(Beginning of Data below)

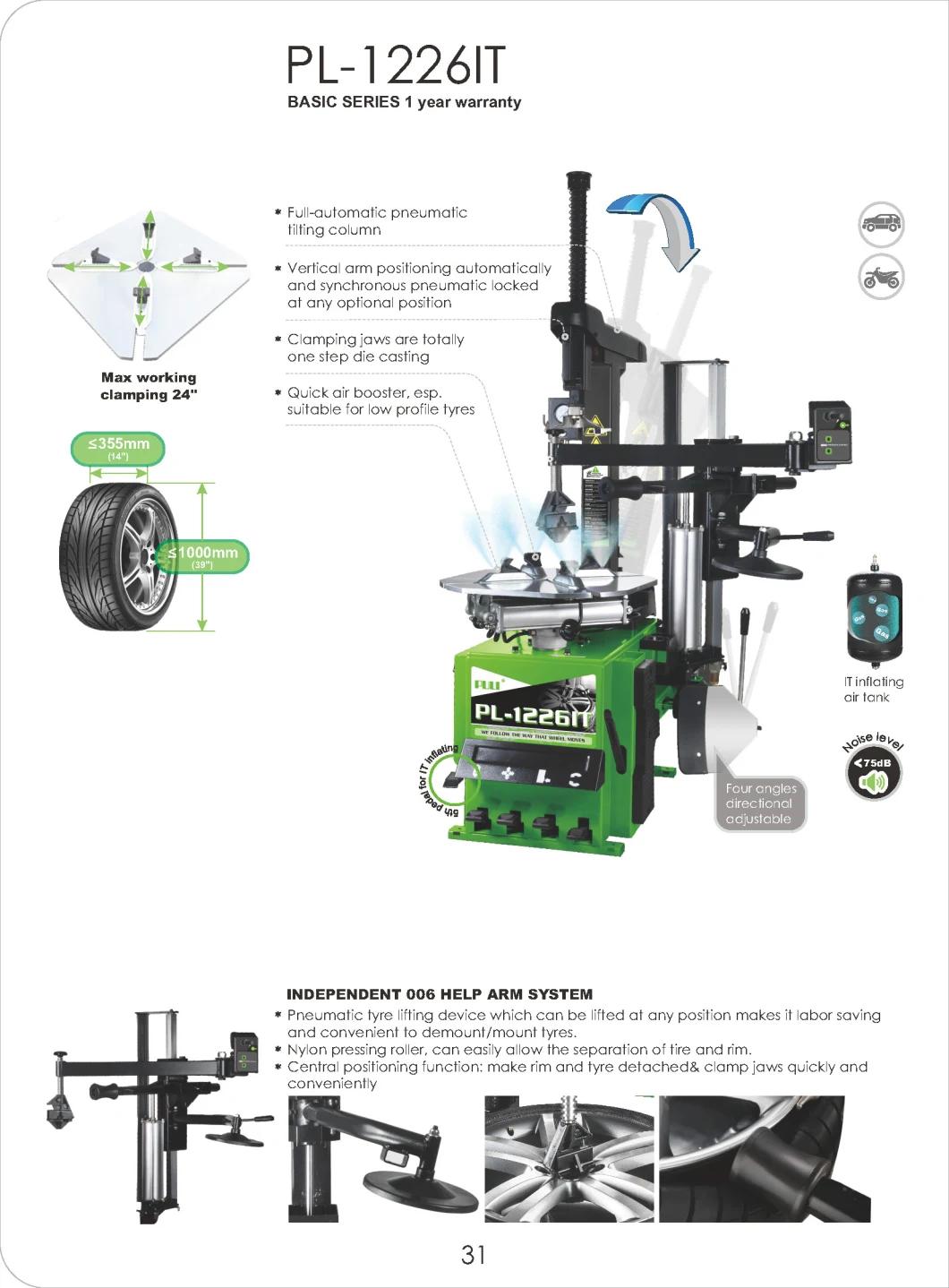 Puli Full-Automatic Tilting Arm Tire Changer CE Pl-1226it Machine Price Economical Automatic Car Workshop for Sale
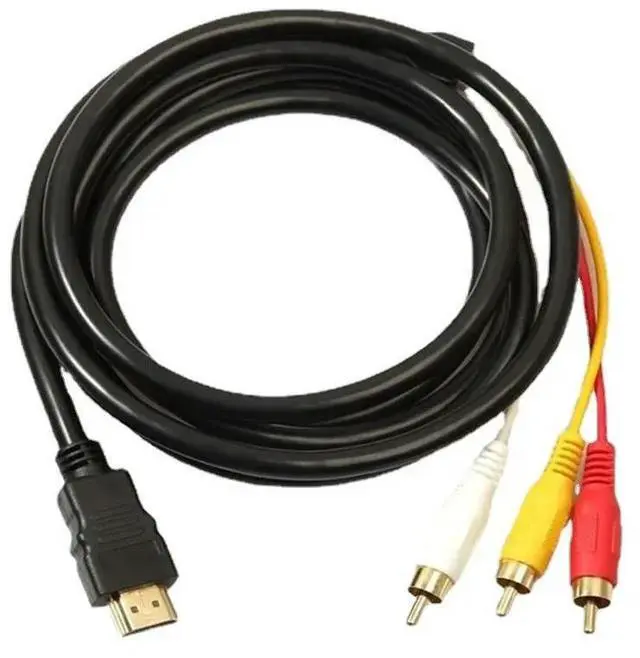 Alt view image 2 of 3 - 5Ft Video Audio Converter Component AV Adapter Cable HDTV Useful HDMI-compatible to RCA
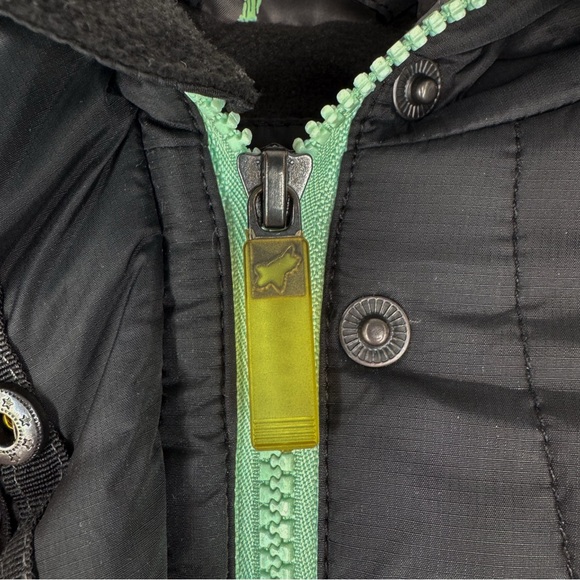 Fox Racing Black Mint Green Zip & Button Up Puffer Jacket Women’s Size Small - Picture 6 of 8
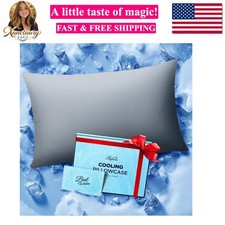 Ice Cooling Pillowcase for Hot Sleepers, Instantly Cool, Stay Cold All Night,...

(End of Data below)

Only the lines that lie between the start of the listing and the line containing "Alt view image", both included, belong in the answer; write them out exactly and omit pictures.

 Puli Full-Automatic Tilting Arm Tire Changer CE Pl-1226it Machine Price Economical Automatic Car Workshop for Sale
 Alt view image 2 of 3 - 5Ft Video Audio Converter Component AV Adapter Cable HDTV Useful HDMI-compatible to RCA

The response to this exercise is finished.